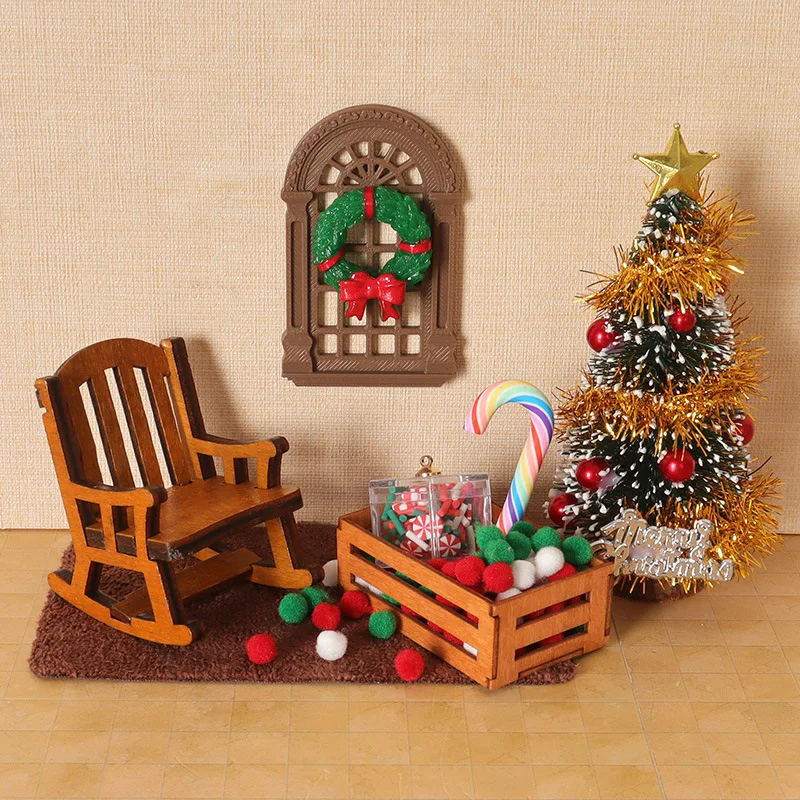 

9pcs Dollhouse Christmas Tree Rocking Chair Vintage Window Christmas Set Miniature Scene Display BJD Home Decor Decoration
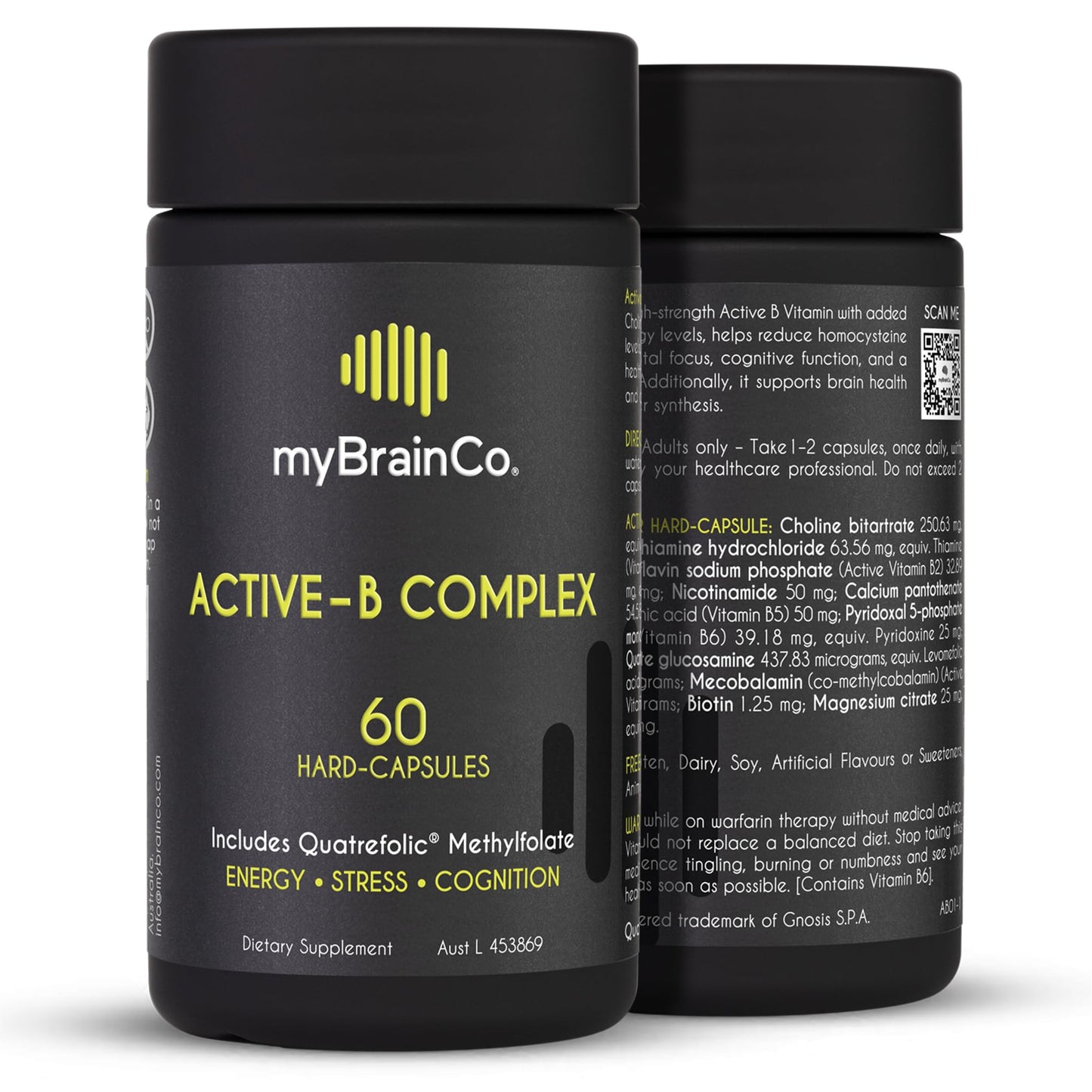 myBrainCo Active-B Complex – High-Strength Activated B Vitamins with B2, B6, B12 & 5-MTHF | Energy, Brain & Nervous System Support | 60 Vege-Capsules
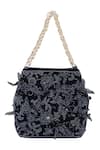 Buy_The Leather Garden_Blue Embroidery, Beads, Sequins Seher Potli Bag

_Task prompt_:
Where pictures appear, skip them and transcribe all other material word for word.

_Response for this exercise_:
9pcs Dollhouse Christmas Tree Rocking Chair Vintage Window Christmas Set Miniature Scene Display BJD Home Decor Decoration
 myBrainCo Active-B Complex – High-Strength Activated B Vitamins with B2, B6, B12 & 5-MTHF | Energy, Brain & Nervous System Support | 60 Vege-Capsules
 Buy_The Leather Garden_Blue Embroidery, Beads, Sequins Seher Potli Bag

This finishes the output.